From my understanding both can never work the same. If voltage increases the current decreases and vice versa but what I wonder the most is how do powerplants and solarplants and also wind plants make enough power to power the world? Is there enough current or voltage?

Ever experienced a brownout? That's what happens when the generation capacity is exceeded. Typically your power provider will shut down sections of the grid (blackouts) to prevent brownouts. In some countries this is standard practice every day.

The generation capacity needs to exceed the peak load in order to prevent this from happening.

Think of your car. The engine is the "generator" and it can generate a certain peak power. The hill you're going up is the load. As the load gets higher and higher (hill gets steeper and steeper), the engine has to work harder and harder for you to maintain the same speed (voltage). At some point, you need to either slow down (brownout), or reduce the load (find a less steep road).

With generation capacity you typically have some amount of spinning reserve (generators running but not actually providing power) that can be called on quickly to provide power. There are also other power generation plants that can be started quickly (gas turbines are an option) that can be brought on-line for short periods of high demand.

The electric world is intresting but very complicated !!

It just requires you to get your head around some stuff. Once you've done that it's easy (until you find the next concept to learn )

 

[Moha99]

Well that's good information right there!

I wonder one thing now if I supply enough voltage but not good current the voltage drops correct? Well that shows the problems of my circuit and also the battery mix.
Now if I supply a unit more current than it needs and the same what would happen?

The thing is people say that if you increase the voltage current will increase as well now I can prove them wrong.

 

[(*steve*)]

You can't (kinda) supply more current than a circuit required, unless you raise the voltage to a point at which more current flows.

OK, that's only true for resistive loads, something employing a switchmode power supply will actually draw more current at lower voltages and reducing the input voltage can result in an increased current demand (I once had a very expensive HP PC that would immediately destroy the power supply if you had a brownout EXACTLY for this reason).
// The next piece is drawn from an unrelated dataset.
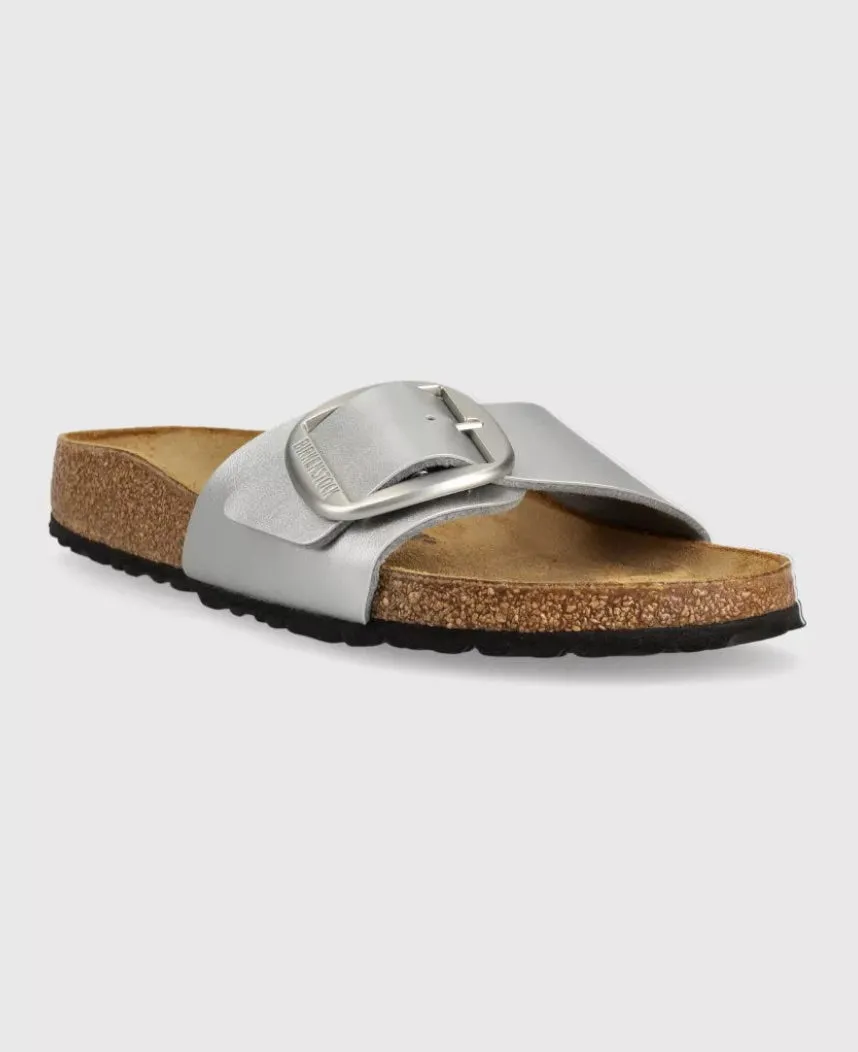 Birkenstock Madrid Big Buckle Silver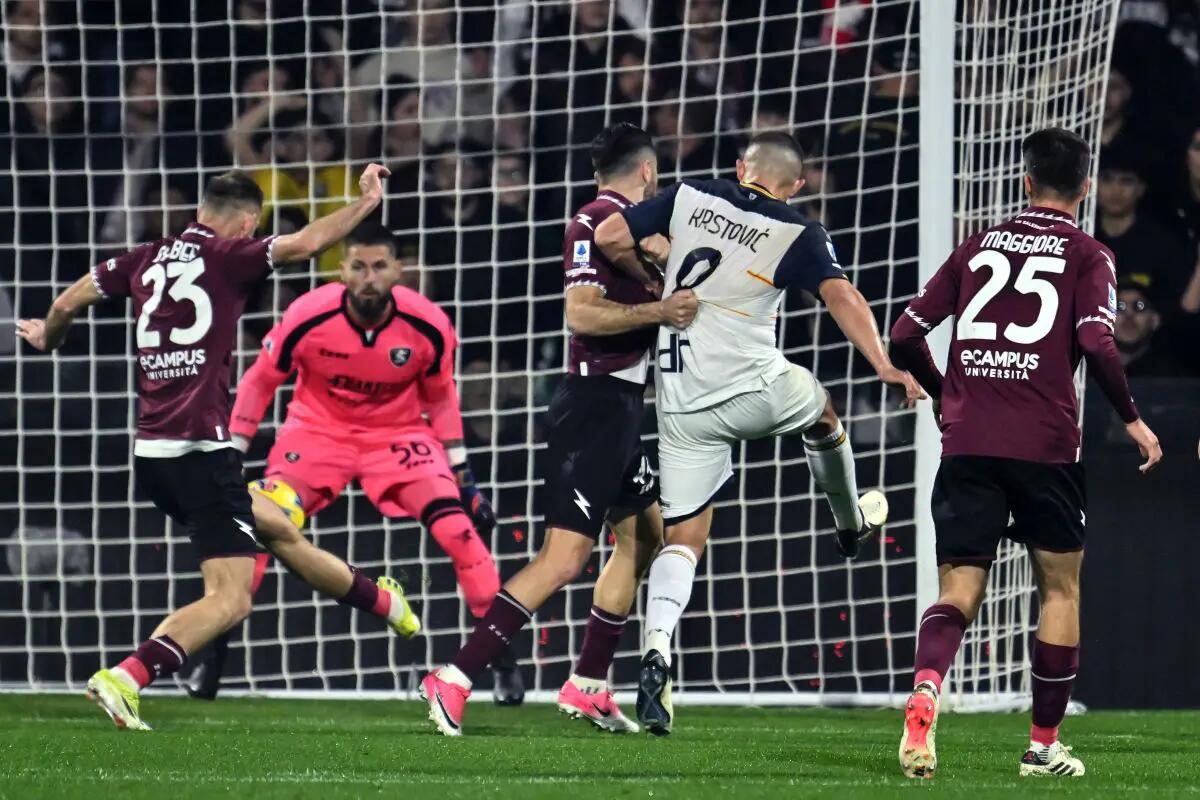 Salernitana-Lecce 0-1, esordio con vittoria in panchina per Gotti -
In general though, the current demanded by a device is determined by the voltage supplied, and in most cases the current will rise with increasing voltage.

 

[Moha99]

You can't (kinda) supply more current than a circuit required, unless you raise the voltage to a point at which more current flows.

OK, that's only true for resistive loads, something employing a switchmode power supply will actually draw more current at lower voltages and reducing the input voltage can result in an increased current demand (I once had a very expensive HP PC that would immediately destroy the power supply if you had a brownout EXACTLY for this reason).

In general though, the current demanded by a device is determined by the voltage supplied, and in most cases the current will rise with increasing voltage.

So lets say I have a generator and it generates under perfect resistance if I stepped up the voltage the increase would probably increase current as well.


I started to understand this more and it gave me more confidence to work out my work.

Thank you all again for all that support!

 

[(*steve*)]

So lets say I have a generator

yep

and it generates under perfect resistance

If it had a load that was resistive...

if I stepped up the voltage the increase would probably increase current as well.

Yes, an increase in voltage would produce a proportionate increase in current.

 

[cjdelphi]

Here's an example, take a very dead very flat 9v battery, it says 4volts when you take a reading... you connect the 9v battery and connect it to an LED rated 40ma , forget the resistor for now, it's a dead battery..

The LED is rated 3.2volts 20ma, the battery is supplying 4volts still, you'll find the LED will barely light up and if you read the voltage it will be <1.8volts because there's not enough amps to drive the LED, there's been a few occasions where i've measured the voltage (just fine) and then nothing would work..

That's pretty much the same issue as the OP has, there's simply not enough current to do what you need.